Monday 17 January 2011

Why Japan and the US Are Still in the Game....

In my Moneyweek column this week, I've been looking at how demographics changes our perception of the big economic trends. Here's a taster....

Unless you happen to be a hedge-fund manager specialising in high-velocity yak hide futures, most investors operate on long time horizons. Whether the Nikkei or the Footsie will be up or down a bit by the time spring comes around, or whether the dollar will finish the year up or down against the euro, no one really has any idea.
The best you can do is figure out what the long-term trends are, and you’re your investment decisions accordingly.
Over a twenty or thirty year view, most of us probably think we have a pretty good idea of where the world economy is going. China will rise into a position of global dominance, closely followed by the other BRIC economies of India, Brazil and Russia. Japan will continue its long slide into irrelevance. Europe is just about finished, although the mighty German export machine will keep powering ahead.

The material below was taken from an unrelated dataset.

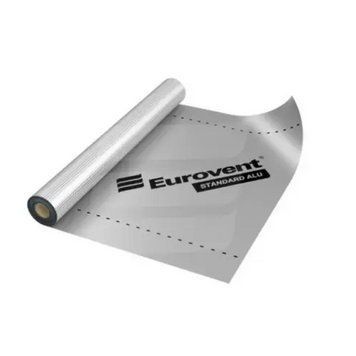 Пароізоляційна мембрана EUROVENT&nbsp;STANDARD ALU 180г/м&sup2; 1.50х50 м 1743255570 фото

The United States is in irretrievable long-term decline, sunk by debts, deficits, and imperial over-reach.
And yet the latest demographic research suggests that script is just about completely wrong. In fact, Japan is doing much better than most people think. China isn’t doing nearly as well. German strength is deceptive. The US is far better placed than you’d imagine. And, in Europe, Britain and France will be the highest-growth economies.
In the long-run, economics is basically demographics, with a few supply and demand charts thrown into the mix. A country’s GDP is determined by the number of working people, multiplied by their output. Output per worker varies depending on productivity growth, fairly obviously. But the number of workers varies as well. Partly that depends on the participation rate – that is, the numbers of people who go out and get jobs. Welfare systems make a difference to that: they can easily deter low-paid workers from looking for jobs. So do social trends: the number of women working has made a big difference to employment rates in all the developed countries.
But the number of workers depends most crucially on birth rates. Once your population goes into decline, it is very hard for your overall economy to grow. And if the population is growing, it’s hard for the economy not to.
How does that change the big global economic trends? Like this.
Forget all that stuff about Japan’s lost decade. It’s nonsense, pushed by Keynesian economics to justify printing lots of money. As Daniel Gros, the director of the Centre for European Policy Studies, has pointed out, Japan ‘never lost a decade’. When you divide GDP by the number of working age people (defined as everyone between 20 and 60) Japan did better in the last decade than the US, and better than most European counties as well. That certainly seems to chime with the evidence we can see all around us. If Japan is doing so badly, how come the roads are full of Toyotas and our houses full of Nintendo Wii’s and Sony TVs? If Japanese demand is so weak, why is unemployment only 5%, half the rate in the US and the eurozone?
In fact, Japan did as well as a wealthy, mature economy could be expected to. It would probably have done better if the Bank of Japan had listened less to academic Keynesians, and printed less money. Even so, the message is clear. Japan remains one of the most innovative, successful capitalist economies in the world – it’s just not going to show up in the GDP numbers because its population is falling.
Next, re-think China’s rise to global dominance. True, the country is rapidly industrialising. It’s a big place, and it is going to be a big player in the global economy. But how big? Right now, China is in a demographic ‘sweet spot’. The one-child policy means there aren’t many children. And past population growth means there aren’t many old people either. So in this decade China has an exceptionally high percentage of its population of working age. That is terrific for growth right now, but bad for the long-term. By 2030, China will have a greater percentage of pensioners to look after than the US. That is going to act a big drag on economic growth. And there won’t be much anyone can do about it.
The US, by contrast, will be in much better shape. True, America had been running big budget and trade deficits, and its banking system is in a terrible mess. But those are all short-term problems. The over-60s currently account for just 18% of the US population. That will only rise to 25% by 2050. The US has one of the highest birth rates in the developed world (14 births per 1,000 people annually, compared with 12 in the UK, or 8 in Germany). And, of course, it remains open to immigrants, at least compared to other rich countries. There will still be lots of bright, hard-working Americans joining the labour force every year for the foreseeable future, and they won’t be paying a fortune in taxes to support an army of pensioners. It’s hard to see how that can be bad for growth.
Lastly, re-think what you know about Europe. Germany has catastrophic demographics, and the country is increasingly suspicious of immigrants. A kink in the birth rates means the working age population has been stable since 2005, and will stay that way until 2015. Then it falls of a cliff. You can’t keep an export machine going when there aren’t any workers. France and the UK, by contrast, are set to dominate Europe – they are the only two major countries with stable or growing populations.
What should investors make of that? Simple. Don’t be too pessimistic about Japan. It’s in much better shape than you’ve been told. The China story is over-sold. The US is in much better shape than most people have acknowledged. France and Britain look pretty good too. Turn all of that into portfolio consisting of index-tracking funds following the Nikkei and the S&P 500, with a side position in the FTSE-100, and France’s CAC-40. Then come back and check how your investments are doing in 2030 – and you’ll almost certainly find they have done pretty well.